Social bubbles are essentially partnerships between groups of people who all agree to limit their in-person contact to others within the group. This arrangement, in theory, could satisfy people’s social needs while adding only a small amount of infection risk.

New Zealand implemented a bubble system as part of its successful containment of the virus. The Belgian government is reportedly considering allowing citizens to create social groups of up to 10 people they can see without social distancing rules. Some provinces in Canada recently began to allow members of two separate households to join up in “double bubbles.” The U.K. government has said it may enact similar measures.
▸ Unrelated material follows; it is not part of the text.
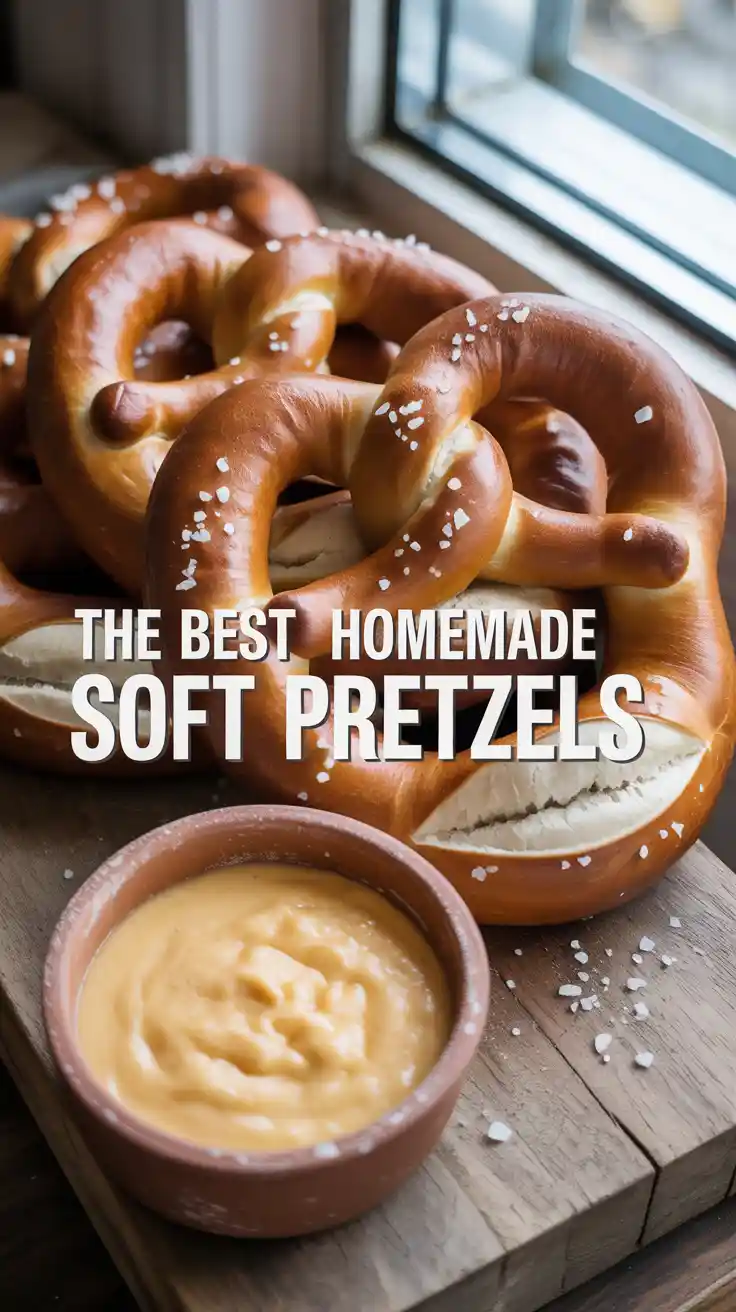 A platter of warm, golden-brown homemade soft pretzels sprinkled with coarse salt, next to a bowl of cheese sauce.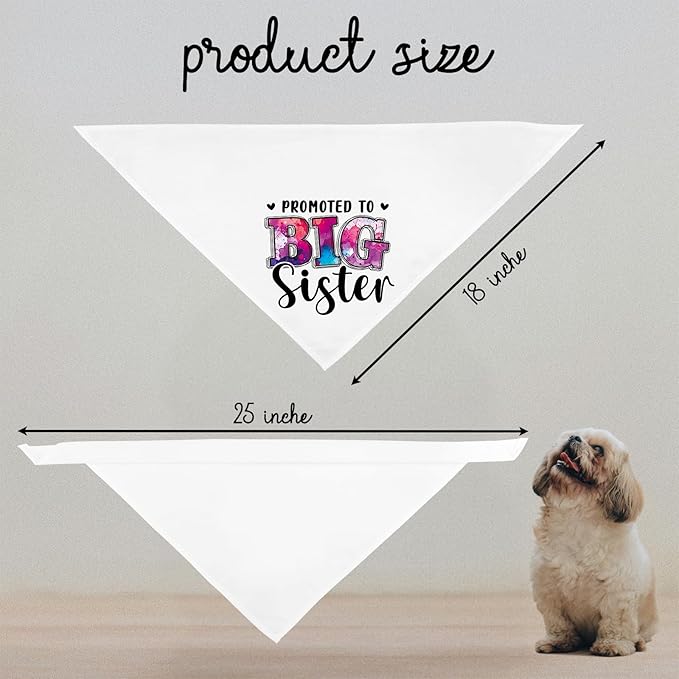 Promoted to Big Sister Baby Announcement Dogs Bandana Gender Reveal Dog Bandana Pregnancy Announcement Photo Prop Pet Scarf Accessories for Pet Dog Lovers Gifts - White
While no formal rules around shared household bubbles exist in the U.S., some American families have joined forces to alleviate the strain of lockdown.

Why there’s debate

Advocates for social bubbles say letting people expand their circle of friends may be an important step in establishing a sustainable way of life amid the ongoing pandemic. Strict isolation, while the most effective means of containing the virus, may not be something most people can maintain much longer. Bubbles could provide the social nourishment people need — plus some much-needed help with day-to-day needs like shopping and childcare — with only a slight increase in risk, if members stay within their groups.

Bubbles may even prove necessary to avoid more dangerous outcomes if people become overwhelmed by “quarantine fatigue” and abandon distancing measures altogether, some psychologists say. “There must be a middle ground between all of us staying at home and all of us meeting the people we want in the ways we want to,” a British researcher studying the feasibility of bubbles told CNN. Contained social circles would also make it easier to limit isolated outbreaks before they spread to the broader population.

Skeptics of social bubbles argue that they may create more risk. The more people in a group, the more opportunities for someone to become infected. If someone does contract the virus, they risk passing it to a larger number of people. Social bubbles rely on a level of commitment that may be unrealistic to expect people to maintain over a long period of time, some argue.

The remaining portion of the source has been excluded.